In meinem letzten „Brief gegen Gewalt“ Nr. 79 habe ich betont, dass freie Berufe besonders gefährdet sind, aus Konkurrenzgründen gewalttätig zu werden und habe Angehörige von Heilerberufen – Ärzteschaft wie auch Angehörige von Psycho-Berufen und „religiöse Experten“ (so wären PfarrerInnen und deren Kollegenschaft aus anderen Religionen korrekt zu bezeichnen, wurde uns in den religionswissenschaftlichen Lehrveranstaltungen im Fachstudium der evangelischen Theologie vermittelt) – nicht ausgenommen: Gerade sie „beweisen“ im Umgang mit „KollegInnen“ ihre Qualifikation, die Patientin „Gesellschaft“ zu heilen.

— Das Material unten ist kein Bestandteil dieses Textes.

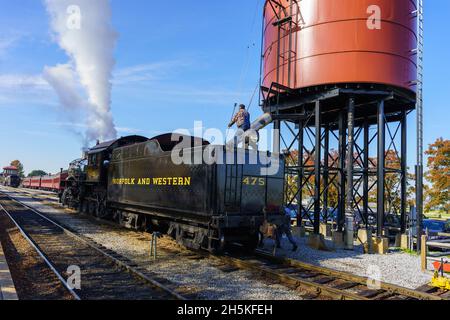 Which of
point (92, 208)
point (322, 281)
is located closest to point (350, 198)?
point (322, 281)

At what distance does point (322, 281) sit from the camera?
702 cm

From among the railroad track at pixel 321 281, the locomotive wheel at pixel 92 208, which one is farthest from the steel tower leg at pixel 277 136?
the locomotive wheel at pixel 92 208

In meinem Buch „Sein wie Gott – Von der Macht der Heiler. Priester, Psychotherapeuten, Politiker“ aus 2002 (bei Kösel, München – vergriffen, Restexemplare können bei mir s. u. bestellt werden) habe ich beschrieben, wie im Ursprungsberuf des Schamanen (die „weise Frau“ inbegriffen) noch – alphabetisch geordnet – die Kompetenzen als Arzt, Heiler, Konfliktregler, Lehrer, Priester, Psychologe, Psychotherapeut, Richter, Sänger, Schauspieler (und manchmal sogar Lenker des Gemeinwesens)  in einer Person vereinigt waren. Und dann habe ich den Schweizer Volksschullehrer und Psychoanalytiker Hans Zulliger (1893–1965) zitiert, der in „Der Fluch des Pädagogen“ aufgezeigt hat, wie sich im Laufe der Zeit all diese Berufe voneinander getrennt haben und in der Gesellschaftshierarchie hoch aufgestiegen sind – nur der Lehrer sei quasi als „lächerliche Figur“ an der Basis „hängen geblieben“. Dabei sei dieser aber der wichtigste … Wohl kaum verwunderlich wenn man berücksichtigt, wie konfliktträchtig dieser Beruf ist …

Derzeit ist beobachtbar, wie diese Berufe wieder zur Vereinigung hin tendieren (zeigt ja auch mein Entwicklungsweg, nachverfolgbar auf meiner Homepage) – und hoffentlich auch zu gegenseitiger Wertschätzung.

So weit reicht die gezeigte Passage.